Top of Extracted entries

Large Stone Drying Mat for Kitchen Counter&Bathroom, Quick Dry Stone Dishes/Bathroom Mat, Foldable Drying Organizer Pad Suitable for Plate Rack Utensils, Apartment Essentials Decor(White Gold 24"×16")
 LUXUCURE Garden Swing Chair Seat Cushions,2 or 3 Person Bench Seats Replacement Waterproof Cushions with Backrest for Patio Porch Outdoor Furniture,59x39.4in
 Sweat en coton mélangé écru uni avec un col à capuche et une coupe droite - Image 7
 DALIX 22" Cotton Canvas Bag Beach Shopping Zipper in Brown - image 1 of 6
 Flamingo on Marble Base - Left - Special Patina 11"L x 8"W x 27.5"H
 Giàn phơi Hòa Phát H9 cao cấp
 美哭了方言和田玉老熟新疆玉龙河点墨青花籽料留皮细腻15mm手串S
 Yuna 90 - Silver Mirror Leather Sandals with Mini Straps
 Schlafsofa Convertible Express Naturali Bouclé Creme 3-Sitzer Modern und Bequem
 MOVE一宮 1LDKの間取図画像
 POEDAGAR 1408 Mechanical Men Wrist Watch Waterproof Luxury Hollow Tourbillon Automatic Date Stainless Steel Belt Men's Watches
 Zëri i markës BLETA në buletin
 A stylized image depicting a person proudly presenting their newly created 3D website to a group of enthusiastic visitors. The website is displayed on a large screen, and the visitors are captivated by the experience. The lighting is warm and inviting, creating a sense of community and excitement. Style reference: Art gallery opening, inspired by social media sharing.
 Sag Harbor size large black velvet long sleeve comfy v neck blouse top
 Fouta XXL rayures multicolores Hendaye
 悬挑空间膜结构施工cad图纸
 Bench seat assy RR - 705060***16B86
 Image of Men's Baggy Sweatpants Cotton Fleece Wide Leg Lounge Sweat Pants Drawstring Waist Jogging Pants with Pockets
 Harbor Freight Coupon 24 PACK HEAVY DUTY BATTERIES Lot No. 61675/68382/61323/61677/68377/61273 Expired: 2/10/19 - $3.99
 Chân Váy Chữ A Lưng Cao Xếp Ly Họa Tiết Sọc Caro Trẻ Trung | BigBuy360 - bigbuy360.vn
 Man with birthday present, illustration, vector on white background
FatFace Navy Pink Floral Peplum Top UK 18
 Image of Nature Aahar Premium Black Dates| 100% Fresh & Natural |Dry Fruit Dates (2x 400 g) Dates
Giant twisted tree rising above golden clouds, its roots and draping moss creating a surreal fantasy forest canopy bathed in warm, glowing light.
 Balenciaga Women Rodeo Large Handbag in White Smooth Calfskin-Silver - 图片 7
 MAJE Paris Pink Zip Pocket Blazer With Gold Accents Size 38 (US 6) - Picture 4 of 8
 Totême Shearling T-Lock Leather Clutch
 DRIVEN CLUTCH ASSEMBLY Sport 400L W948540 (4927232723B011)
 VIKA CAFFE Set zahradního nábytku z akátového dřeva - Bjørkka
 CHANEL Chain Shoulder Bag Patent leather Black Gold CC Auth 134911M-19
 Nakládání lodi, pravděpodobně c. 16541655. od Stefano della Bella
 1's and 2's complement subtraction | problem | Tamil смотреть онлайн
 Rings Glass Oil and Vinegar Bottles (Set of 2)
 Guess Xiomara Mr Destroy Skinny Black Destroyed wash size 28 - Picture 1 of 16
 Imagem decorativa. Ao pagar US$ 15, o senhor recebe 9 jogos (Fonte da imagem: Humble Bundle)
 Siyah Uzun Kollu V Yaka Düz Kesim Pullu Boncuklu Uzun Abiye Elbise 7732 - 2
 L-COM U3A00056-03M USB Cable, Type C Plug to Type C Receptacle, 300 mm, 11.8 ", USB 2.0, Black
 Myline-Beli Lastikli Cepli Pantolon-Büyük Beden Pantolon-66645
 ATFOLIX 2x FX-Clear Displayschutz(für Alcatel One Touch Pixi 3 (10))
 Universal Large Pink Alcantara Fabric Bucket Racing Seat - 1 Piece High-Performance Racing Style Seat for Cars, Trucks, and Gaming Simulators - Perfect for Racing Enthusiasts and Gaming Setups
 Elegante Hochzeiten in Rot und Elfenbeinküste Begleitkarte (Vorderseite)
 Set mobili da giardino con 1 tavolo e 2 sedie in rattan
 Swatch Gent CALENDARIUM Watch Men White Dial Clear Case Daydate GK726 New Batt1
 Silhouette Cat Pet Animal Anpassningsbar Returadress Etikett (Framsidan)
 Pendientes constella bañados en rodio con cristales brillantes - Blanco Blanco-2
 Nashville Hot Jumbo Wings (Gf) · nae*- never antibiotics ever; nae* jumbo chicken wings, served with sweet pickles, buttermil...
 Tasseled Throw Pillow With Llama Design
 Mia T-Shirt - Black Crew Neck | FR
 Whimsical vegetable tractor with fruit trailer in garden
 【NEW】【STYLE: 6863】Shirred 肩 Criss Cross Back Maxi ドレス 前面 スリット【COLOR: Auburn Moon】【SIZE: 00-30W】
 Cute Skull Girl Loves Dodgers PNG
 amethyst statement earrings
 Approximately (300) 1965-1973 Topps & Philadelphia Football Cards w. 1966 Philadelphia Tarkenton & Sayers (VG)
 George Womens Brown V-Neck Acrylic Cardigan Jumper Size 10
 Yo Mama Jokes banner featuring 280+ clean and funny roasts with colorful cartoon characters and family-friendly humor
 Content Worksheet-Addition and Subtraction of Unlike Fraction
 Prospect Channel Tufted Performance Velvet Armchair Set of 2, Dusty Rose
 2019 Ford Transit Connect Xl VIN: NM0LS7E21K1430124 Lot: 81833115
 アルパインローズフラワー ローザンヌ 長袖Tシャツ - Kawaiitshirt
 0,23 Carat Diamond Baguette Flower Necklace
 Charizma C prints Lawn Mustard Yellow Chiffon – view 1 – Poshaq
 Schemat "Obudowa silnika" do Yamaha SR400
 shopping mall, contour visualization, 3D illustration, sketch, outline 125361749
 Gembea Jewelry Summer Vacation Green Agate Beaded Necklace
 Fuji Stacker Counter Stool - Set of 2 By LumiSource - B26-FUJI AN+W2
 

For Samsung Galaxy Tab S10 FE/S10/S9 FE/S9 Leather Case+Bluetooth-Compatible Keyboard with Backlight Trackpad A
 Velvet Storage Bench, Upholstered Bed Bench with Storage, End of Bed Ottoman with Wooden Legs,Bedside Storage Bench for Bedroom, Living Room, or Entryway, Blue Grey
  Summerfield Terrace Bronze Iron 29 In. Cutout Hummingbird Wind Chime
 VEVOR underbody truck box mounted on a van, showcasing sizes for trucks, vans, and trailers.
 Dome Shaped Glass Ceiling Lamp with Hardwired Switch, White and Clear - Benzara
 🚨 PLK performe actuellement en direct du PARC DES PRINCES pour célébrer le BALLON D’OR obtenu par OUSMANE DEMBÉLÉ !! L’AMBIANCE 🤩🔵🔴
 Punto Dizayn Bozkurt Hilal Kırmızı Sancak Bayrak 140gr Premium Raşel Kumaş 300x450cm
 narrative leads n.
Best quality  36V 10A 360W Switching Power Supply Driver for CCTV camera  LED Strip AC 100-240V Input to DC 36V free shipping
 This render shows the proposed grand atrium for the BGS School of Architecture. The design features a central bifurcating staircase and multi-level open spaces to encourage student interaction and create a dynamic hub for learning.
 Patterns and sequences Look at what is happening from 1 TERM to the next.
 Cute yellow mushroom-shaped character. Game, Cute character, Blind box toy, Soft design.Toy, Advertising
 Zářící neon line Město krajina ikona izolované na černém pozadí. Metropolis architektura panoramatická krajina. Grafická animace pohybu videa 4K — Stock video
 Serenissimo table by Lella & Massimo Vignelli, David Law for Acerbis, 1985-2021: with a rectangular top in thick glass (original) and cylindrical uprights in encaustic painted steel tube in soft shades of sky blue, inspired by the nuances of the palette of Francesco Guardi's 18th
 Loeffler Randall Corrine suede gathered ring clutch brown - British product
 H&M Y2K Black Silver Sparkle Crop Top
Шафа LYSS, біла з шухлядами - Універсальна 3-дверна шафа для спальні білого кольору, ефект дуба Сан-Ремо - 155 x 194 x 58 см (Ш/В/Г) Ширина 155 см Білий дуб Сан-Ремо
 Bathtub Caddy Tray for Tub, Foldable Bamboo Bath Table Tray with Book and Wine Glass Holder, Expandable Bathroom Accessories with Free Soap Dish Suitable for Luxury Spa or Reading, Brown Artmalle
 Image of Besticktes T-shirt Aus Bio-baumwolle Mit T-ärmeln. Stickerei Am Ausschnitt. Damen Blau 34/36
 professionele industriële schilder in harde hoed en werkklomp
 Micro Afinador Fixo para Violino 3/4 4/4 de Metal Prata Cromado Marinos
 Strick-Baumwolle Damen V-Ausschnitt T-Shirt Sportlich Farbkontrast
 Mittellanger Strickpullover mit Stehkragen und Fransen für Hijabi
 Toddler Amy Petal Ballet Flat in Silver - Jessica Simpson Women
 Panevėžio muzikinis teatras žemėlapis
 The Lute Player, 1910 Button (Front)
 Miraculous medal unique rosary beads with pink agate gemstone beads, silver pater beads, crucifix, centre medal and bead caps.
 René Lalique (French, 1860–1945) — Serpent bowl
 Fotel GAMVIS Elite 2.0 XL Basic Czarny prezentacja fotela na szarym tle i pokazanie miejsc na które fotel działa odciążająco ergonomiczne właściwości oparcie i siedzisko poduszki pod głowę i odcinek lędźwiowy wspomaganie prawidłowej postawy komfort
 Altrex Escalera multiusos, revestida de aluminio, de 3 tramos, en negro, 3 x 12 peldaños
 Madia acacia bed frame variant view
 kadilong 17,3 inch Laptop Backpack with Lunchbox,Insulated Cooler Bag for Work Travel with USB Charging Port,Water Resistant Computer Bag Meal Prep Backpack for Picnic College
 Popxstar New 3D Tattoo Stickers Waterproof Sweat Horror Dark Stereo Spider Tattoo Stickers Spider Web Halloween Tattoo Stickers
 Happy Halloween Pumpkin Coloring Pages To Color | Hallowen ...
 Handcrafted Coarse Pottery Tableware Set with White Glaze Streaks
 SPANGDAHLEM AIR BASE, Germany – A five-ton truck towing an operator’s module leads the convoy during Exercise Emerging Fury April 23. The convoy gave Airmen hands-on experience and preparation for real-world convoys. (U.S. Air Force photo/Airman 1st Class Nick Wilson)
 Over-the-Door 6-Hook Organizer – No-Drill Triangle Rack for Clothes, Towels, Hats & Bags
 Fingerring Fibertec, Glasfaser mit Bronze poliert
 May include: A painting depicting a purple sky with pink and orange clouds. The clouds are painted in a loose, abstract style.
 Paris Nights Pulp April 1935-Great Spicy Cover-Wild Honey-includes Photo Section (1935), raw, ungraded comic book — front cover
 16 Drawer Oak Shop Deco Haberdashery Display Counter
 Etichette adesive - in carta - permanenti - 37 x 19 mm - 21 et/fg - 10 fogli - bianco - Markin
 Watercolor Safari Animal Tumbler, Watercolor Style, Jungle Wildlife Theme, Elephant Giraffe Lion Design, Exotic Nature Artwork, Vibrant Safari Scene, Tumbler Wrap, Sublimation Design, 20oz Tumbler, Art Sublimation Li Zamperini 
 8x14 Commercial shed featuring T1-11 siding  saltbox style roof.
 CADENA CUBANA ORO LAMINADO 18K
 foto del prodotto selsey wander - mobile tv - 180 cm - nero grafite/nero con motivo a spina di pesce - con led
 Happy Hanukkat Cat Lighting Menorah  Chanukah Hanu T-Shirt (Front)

Bottom of Extracted entries

- **Problem details**
As the answer, set down only the lines from the data above between the one holding "Fouta XXL rayures multicolores Hendaye" and the one holding "Image of Men's", inclusive, exactly as they read.

- **Answer box**
 Fouta XXL rayures multicolores Hendaye
 悬挑空间膜结构施工cad图纸
 Bench seat assy RR - 705060***16B86
 Image of Men's Baggy Sweatpants Cotton Fleece Wide Leg Lounge Sweat Pants Drawstring Waist Jogging Pants with Pockets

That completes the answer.